THE RETURNING Congress cannot avoid being called on to address the Iraq crisis, which blew up while it was in recess and which is in a politically sensitive phase now. Almost everyone agrees that a president can dispatch forces for certain emergency or short-term purposes, as President Bush has done in the Persian Gulf. But now the question arises of whether and how Congress will insist that they cannot stay for any greater length of time without its approval. This is the mandate inscribed in law when Congress passed the War Powers Resolution of 1973. It was meant to circumscribe war-making powers that, the chastened and angry legislature of the day felt, successive presidents had abused. The purpose was to ensure that the solemn decision of commiting the nation's forces along the spectrum of risk, battle and war would be shared by the two branches in an agreed constitutional way.

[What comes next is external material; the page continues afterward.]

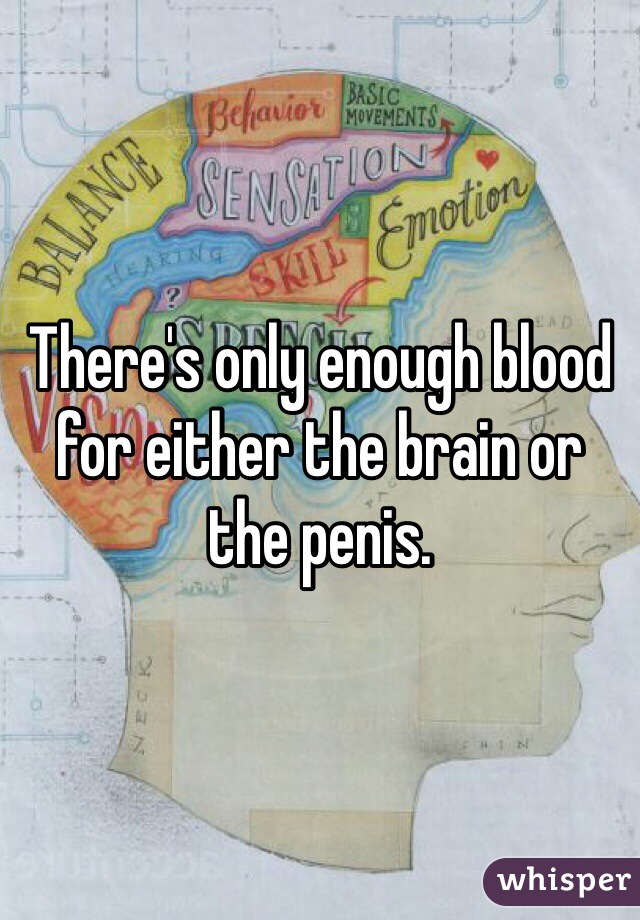 There's only enough blood for either the brain or the penis.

Except that, from the start, there was no agreement. Mr. Nixon vetoed the bill, and his successors have insisted it infringes unconstitutionally on, among other things, the president's powers as commander in chief; there have been objections on less exalted but weighty pragmatic grounds too. On the 22 occasions since Vietnam when the resolution might somehow have come into play, presidents have picked their way around it, commonly -- as Mr. Bush did on Aug. 9 in respect to Iraq -- reporting to Congress as the resolution demands but insisting they were doing so outside its purview. Presidents have been particularly scrupulous in avoiding the provision that compels a president, 60 days after he moves in armed forces, to withdraw them unless Congress votes otherwise. In the avoiding, they have usually done what Mr. Bush did on Aug. 9 -- pretend blandly that ''involvement in hostilities'' is not ''imminent.'' Like him in this crisis, they have tried to meet the resolution's requirements of consultation, as of reporting, not in the resolution's terms but in their own -- by, for example, inviting members to be briefed at the White House.

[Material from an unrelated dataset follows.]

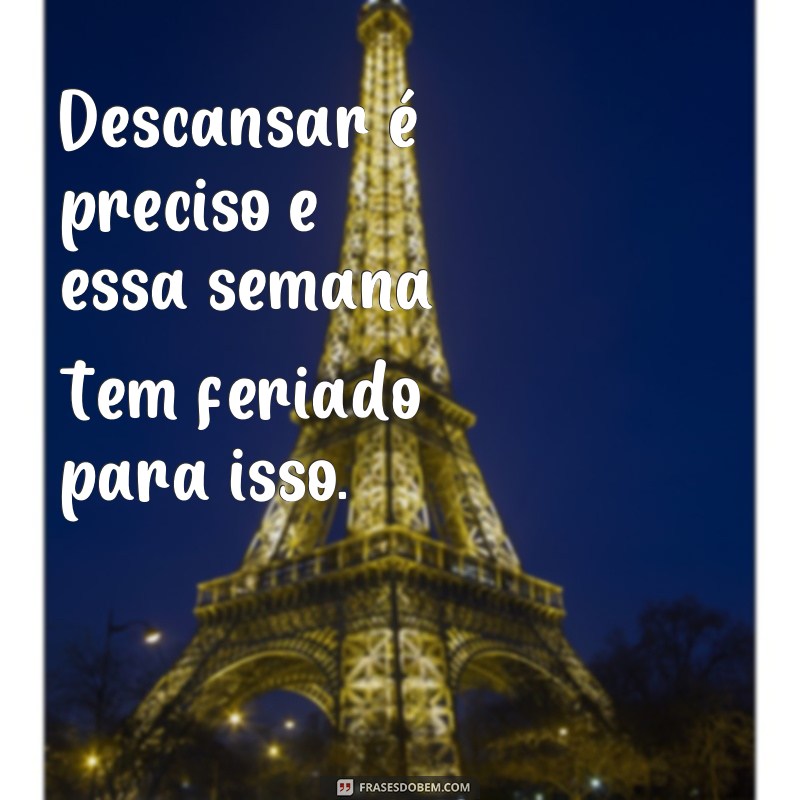 Descubra as melhores frases para aproveitar o feriado dessa semana!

There is a case for these circumlocutions and deceits, and it is that the War Powers Resolution, even when presidents skirt its provisions, forces a degree of consultation and openness that otherwise might never be achieved. But this is not a persuasive case. How can the evasive presidential habits that are bred by this resolution and -- this is almost worse -- that have come to be blinked at or only mildly griped at by Congress possibly build respect for either this law or the Constitution itself? The 60-days-and-you're-out provision is especially worrisome: this ''lesson'' of Vietnam imposes a procedure that could too easily invite misunderstanding in a crisis.

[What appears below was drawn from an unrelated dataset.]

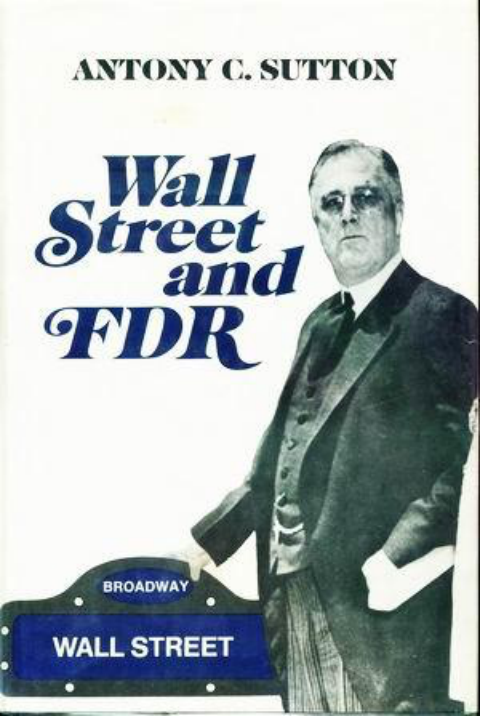 Sutton, Antony C. - Wall Street and FDR (1975) cover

Looking at the War Powers Resolution, some conclude that it is right and better and enough that a president be guided by his political instincts than that he be locked in the grip of an inevitably rigid and anachronistic legislative dictate. But to undo the resolution entirely could send presidents a dangerous anything-goes signal and would amount to a historic surrender of powers and responsibilities by Congress. The idea of shared responsibility remains valid and essential.

What is necessary is to flesh out this idea in terms that provide a fair balance of executive flexibility and congressional control and that command reasonable consensus in both branches. The Constitution's separation of powers has aptly been described not as a formula for agreement but as an invitation to struggle. A certain amount of push and pull is even desirable. But it should not be disabling, and in the instance of the awkward 60-day provision, it should not look like Rube Goldberg was one of the Founding Fathers.

One proposal that has been floating around for a while deserves a closer look now -- S. 2, introduced in 1989 by Sens. Byrd, Nunn, Warner and Mitchell. It replaces the automatic requirement for withdrawal of troops after 60 days with expedited procedures for a joint resolution authorizing the action or requiring disengagement. Further, it fills a void in the War Powers Resolution's terms on consultation by creating a standing congressional core group with which the president would regularly consult.

This proposal would not guarantee smooth politics or wise policy, but it acknowledges evident flaws in existing legislation and procedure. Further, it calls into play the genius of American constitutional government -- to bring the judgment of one branch to bear on the judgment of the other in a realm where the most vital national interests are engaged and to ensure that the decisions that result enjoy national support. The Iraq crisis is only the latest passage where the advantages of this approach are apparent.